Okra is versatile enough to thrive in most soil types, though it does need full sunlight (at least six hours of direct sunshine every day). They do best in soil that’s slightly acidic, with a pH between 5.8 and 7.0. Those in cool climates should start okra seeds indoors before transplanting them into the garden.
Find out more about growing okra in our article How to Grow Okra (Abelmoschus esculentus).
There really is a pepper to please just about everyone, from tiny sweet peppers to seriously spicy ones. There are so many varieties to choose from, you’re bound to find a few that your family will love.
Peppers need slightly acidic soil and plenty of sunshine to grow healthy and strong. Pepper plants are very sensitive to frost, so those north of Tennessee should start their seeds indoors in March and move them outside to the garden in April or the beginning of May.
Give them soil with a pH level between 5.5 and 7.0, adding sulfur by placing a few teaspoons of Epsom salts into each spot where you will plant a pepper. Mulch is a good way to keep the soil where peppers are growing warm and moist, and the mulch will also help keep weeds at bay.
Find out more about growing peppers in our article Growing a Plethora of Peppers.
These pale green fruits in their papery husks may not be the first vegetable people think of for the warm season, but they should be. Fresh tomatillos can be made into a delicious verde salsa, enchilada sauce, or stirred into green posole soup.
If you live somewhere that’s warm enough for there to be no chance of frost when it’s time to plant your tomatillos, you can grow them outdoors. Gardeners in cooler regions will need to start their tomatillo seeds indoors six to eight weeks before moving them outside.
Choose a location for your tomatillos where the soil has plenty of drainage. The plants also need full sun to flourish, so make sure they get at least six hours of direct sunlight each day.
Find out more about growing tomatillos in our article How to Grow Tomatillos.
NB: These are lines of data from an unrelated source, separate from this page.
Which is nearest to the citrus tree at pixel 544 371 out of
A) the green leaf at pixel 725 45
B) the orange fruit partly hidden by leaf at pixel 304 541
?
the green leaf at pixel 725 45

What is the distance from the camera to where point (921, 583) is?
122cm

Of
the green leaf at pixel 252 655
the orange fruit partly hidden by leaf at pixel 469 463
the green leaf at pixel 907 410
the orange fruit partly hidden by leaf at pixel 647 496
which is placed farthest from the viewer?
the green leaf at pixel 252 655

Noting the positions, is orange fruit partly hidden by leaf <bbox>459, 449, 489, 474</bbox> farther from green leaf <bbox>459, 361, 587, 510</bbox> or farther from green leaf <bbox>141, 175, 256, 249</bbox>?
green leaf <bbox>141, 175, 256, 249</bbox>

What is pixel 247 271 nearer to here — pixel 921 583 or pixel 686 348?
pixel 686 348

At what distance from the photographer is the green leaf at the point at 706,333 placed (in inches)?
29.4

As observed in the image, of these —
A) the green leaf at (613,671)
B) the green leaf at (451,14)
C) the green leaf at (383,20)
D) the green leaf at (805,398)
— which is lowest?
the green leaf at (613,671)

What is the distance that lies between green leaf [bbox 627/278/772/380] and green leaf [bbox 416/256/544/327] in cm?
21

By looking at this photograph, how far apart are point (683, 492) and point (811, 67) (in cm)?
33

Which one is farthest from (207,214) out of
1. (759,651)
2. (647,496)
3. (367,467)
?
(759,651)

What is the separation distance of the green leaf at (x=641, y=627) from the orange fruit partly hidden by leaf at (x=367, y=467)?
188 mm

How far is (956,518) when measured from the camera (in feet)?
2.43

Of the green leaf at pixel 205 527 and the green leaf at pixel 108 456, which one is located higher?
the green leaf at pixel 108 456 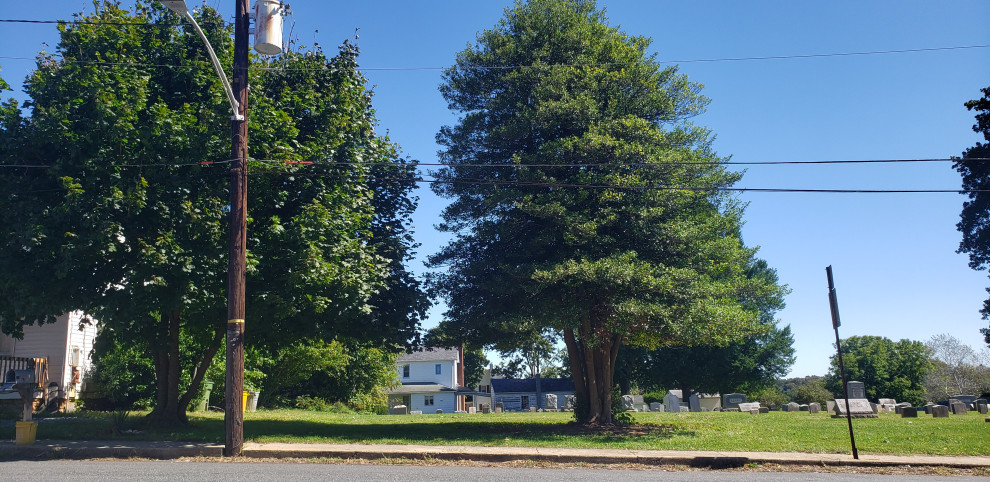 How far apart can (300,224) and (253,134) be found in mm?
2317

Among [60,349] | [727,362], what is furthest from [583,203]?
[727,362]

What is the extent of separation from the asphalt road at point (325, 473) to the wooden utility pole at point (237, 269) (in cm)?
103

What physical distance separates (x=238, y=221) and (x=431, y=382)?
5731 centimetres

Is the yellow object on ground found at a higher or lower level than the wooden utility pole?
lower

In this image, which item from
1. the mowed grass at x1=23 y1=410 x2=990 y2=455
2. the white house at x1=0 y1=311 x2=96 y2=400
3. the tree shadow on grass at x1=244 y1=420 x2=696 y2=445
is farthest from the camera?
the white house at x1=0 y1=311 x2=96 y2=400

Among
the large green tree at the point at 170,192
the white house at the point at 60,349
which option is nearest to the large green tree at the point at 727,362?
the white house at the point at 60,349

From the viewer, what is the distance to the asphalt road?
1006cm

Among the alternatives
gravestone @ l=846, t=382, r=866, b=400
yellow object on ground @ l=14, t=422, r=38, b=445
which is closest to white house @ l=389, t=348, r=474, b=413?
gravestone @ l=846, t=382, r=866, b=400

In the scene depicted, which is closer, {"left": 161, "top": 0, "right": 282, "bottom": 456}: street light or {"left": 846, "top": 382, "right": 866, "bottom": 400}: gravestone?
{"left": 161, "top": 0, "right": 282, "bottom": 456}: street light

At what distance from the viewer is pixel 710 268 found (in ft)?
63.0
Tomatoes are perhaps the most popular warm season edible crop. Everyone loves to grow tomatoes, and more importantly, everyone loves to eat tomatoes fresh from the garden. They’re a whole different flavor experience from the ones you can find at the grocery store.
Tomatoes do best when they get at least eight hours of sunshine each day. They also require soil that will drain well. If your garden doesn’t have a spot with enough drainage, you may consider installing a raised bed to grow your tomatoes in.
Find out more about growing tomatoes in our article How to Grow Tomatoes: The Complete Guide.
With these warm season edibles, your garden will become an extension of your pantry and kitchen. Imagine how proud you’ll feel sitting down to a plate full of delicious fruits, vegetables, and herbs you grew yourself.